The current Minister of Civil Service is Khalid bin Omar Al Marhoon. The Undersecretary of the Ministry of Civil Service For Civil Service Affairs is Abdulrahman bin Ibrahim Al Abri and the Undersecretary of the Ministry of Civil Service for Administrative Development Affairs is Salim bin Mussalam Al Busaidi.

== Function ==
The competences of the Ministry of Civil Service is as follows:
1. Suggesting policies and strategies for the development of governmental bodies in relation to organizational and human resources matters.
2. Supporting the Council of Civil Service.
3. Making legislation suggestions in the field civil service.

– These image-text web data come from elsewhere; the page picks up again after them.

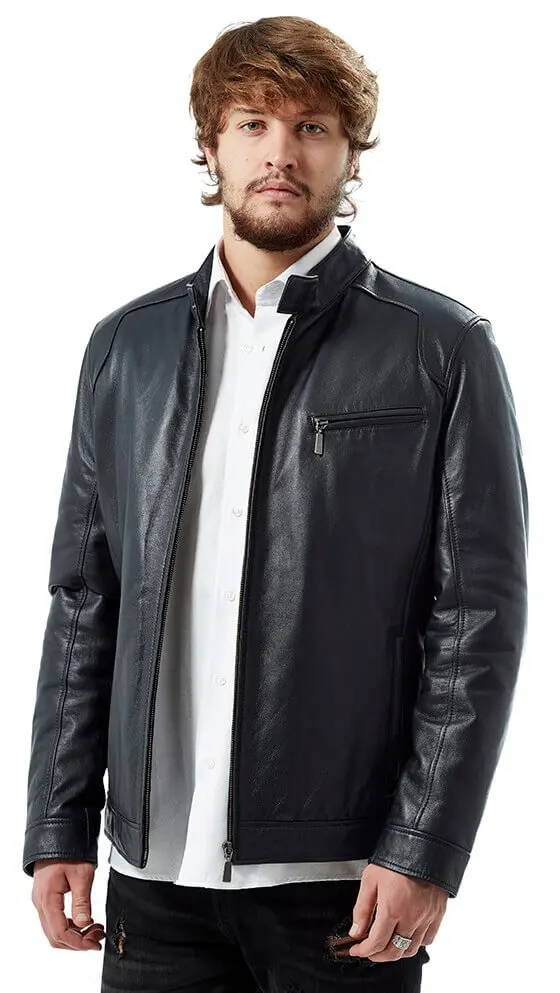 Manli Leather Jacket Navy Orjinal Lambskin Autumn Winter 2022 Biker Slim Large Size VintageTürkiye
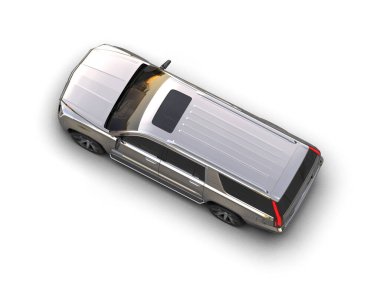 Modern araba beyaz arka planda izole edilmiş. 3d illüstrasyon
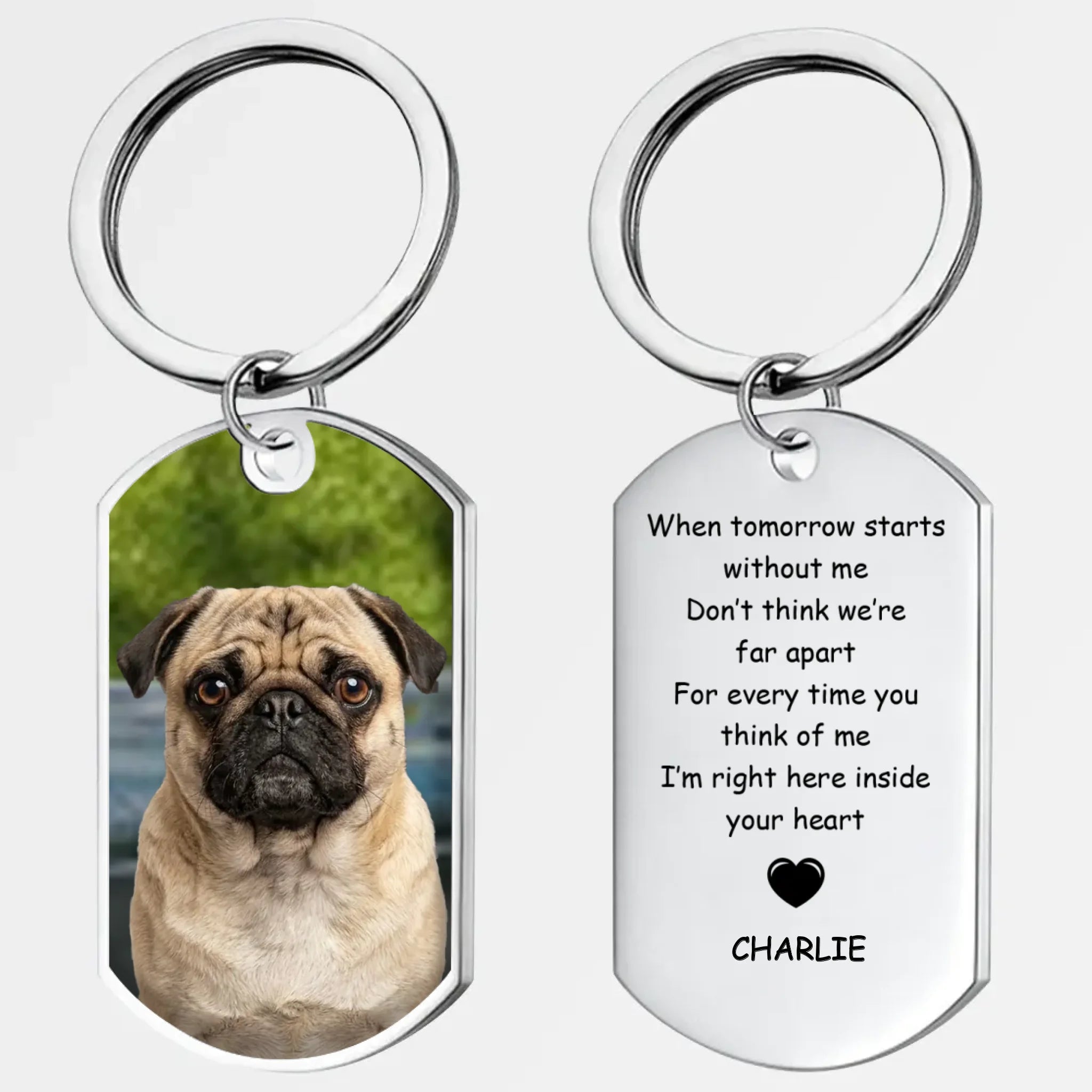 Custom Pug Lover Keychain – Personalized Memorial Inside Your Heart Dog Gift | 89Prints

4. Setting the principles and standards for implementing the employment plans in regard to civil service.
5. Issuing opinions in regard to the complaints and queries made by civil service employees to the ministry.
6. Carrying out field visits and follow up works to ensure the compliance of civil service laws.
7. Coordinating with governmental bodies in relation to the security clearance of employees.
8. Implementing the strategy relating to central employment of governmental employees.
9. Implementing the strategy relating to the Omanization of governmental jobs.
10. Following up the strategies and programs for training governmental employees.
11. Approving organizational structures of other governmental bodies.
12. Carrying out budget researches in regard to employment and compensation.
13. Reviewing the annual employment budget of other governmental bodies.
14. Following up the implementation and development of the system for organizing positions in governmental bodies.
15. Operating the human resources system of governmental bodies.
16. Providing technical support for governmental bodies in all matters relating to civil service.

The competences of the Ministry of Civil Service do not extend to governmental bodies that are subject to a special law and not the civil service law.